Quel est l'avis du Gouvernement ?
M. Daniel Vaillant,
ministre de l'intérieur.
Je voudrais d'abord rectifier une erreur
figurant dans l'argumentaire de l'amendement.
L'exigence de contrôle d'un document équivalant au casier judiciaire pour les
ressortissants étrangers employés dans les services internes de sécurité de la
SNCF ou de la RATP figure bien dans le projet de loi relatif aux activités de
sécurité privée dont est extrait l'article que nous étudions, mais ce par un
jeu de renvoi d'articles qui a sans doute échappé à la vigilance des auteurs de
l'amendement.
Par ailleurs, il n'y a aucune mesure discriminatoire dans cette exigence : la
plupart des pays étrangers disposent d'un équivalent de notre casier
judiciaire.
En outre, il est évidemment souhaitable que l'on puisse s'assurer que les
agents qui exercent des missions de surveillance et qui peuvent être armés
soient exempts de condamnation. Cela me paraît même indispensable.
Dans ces conditions, j'émets un avis défavorable sur cet amendement.
M. le président.
Madame Borvo, l'amendement n° 113 est-il maintenu ?
Mme Nicole Borvo.
Je le retire, monsieur le président.
M. le président.
L'amendement n° 113 est retiré.
Par amendement n° 114, M. Bret, Mme Borvo et les membres du groupe communiste
républicain et citoyen proposent de supprimer le deuxième alinéa (1°) du texte
présenté par l'article 29 pour l'article 11-2 de la loi n° 83-629 du 12 juillet
1983.
La parole est à Mme Borvo.
Mme Nicole Borvo.
Cet amendement a un tout autre objet que celui que je viens d'évoquer à
l'instant.
Il vise à supprimer le 1° de l'article 29, qui interdit l'embauche dans un
service de sécurité interne de la SNCF ou de la RATP et le maintien dans son
poste d'un agent qui « a fait l'objet d'un arrêté d'expulsion non abrogé ou
d'une interdiction du territoire français non entièrement exécutée ».
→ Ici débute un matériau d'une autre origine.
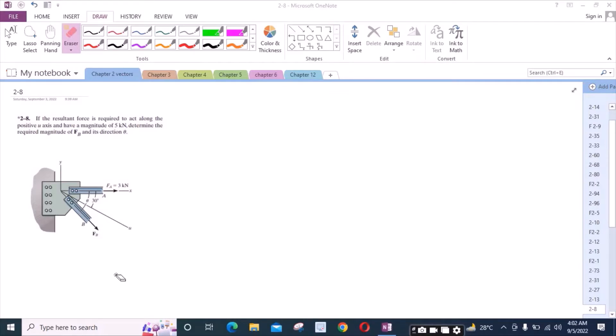Welcome to the solutions manual. In this video, we will solve problem 2-8 from R.C. Hibbeler Engineering Statics. According to this problem, if the resultant force is required to act along the positive u-axis and have a magnitude of 5 Newtons, determine the required magnitude of Fp and its direction theta.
Je dois dire que la lecture de cette disposition m'a laissée pour le moins
perplexe. Rappelons en effet le droit applicable : l'arrêté d'expulsion ou la
mesure d'interdiction du territoire empêchent la délivrance ou le
renouvellement d'un titre de séjour ou emportent son retrait. Par conséquent,
ils entraînent l'impossibilité d'embauche et l'annulation du contrat de
travail.
En outre, ces deux mesures sont inscrites au bulletin n° 2 du casier
judiciaire.
Il est donc clair que toute personne qui a fait l'objet de l'une ou l'autre de
ces mesures ne peut être employée dans un service de sécurité de la RATP ou de
la SNCF : cette disposition apparaît donc redondante et inutile eu égard à
l'état actuel du droit.
La seule explication me semble donc résider dans la volonté d'éviter les
situations dans lesquelles une personne faisant l'objet d'une mesure
d'interdiction du territoire français ou d'un arrêté d'expulsion pourrait, en
infraction à la législation sur les étrangers, se maintenir illégalement dans
son poste, faute pour l'entreprise d'avoir eu connaissance de ladite mesure.
Les sénateurs communistes sont pour le moins surpris qu'on demande à
l'entreprise publique de se faire juge de l'applicabilité ou de l'exécution
d'une mesure d'éloignement du territoire français !
C'est aux préfectures ou aux parquets qu'il revient de s'assurer de
l'exécution des mesures administratives ou judiciaires prises à l'encontre des
ressortissants étrangers sur le fondement de l'ordonnance de 1945.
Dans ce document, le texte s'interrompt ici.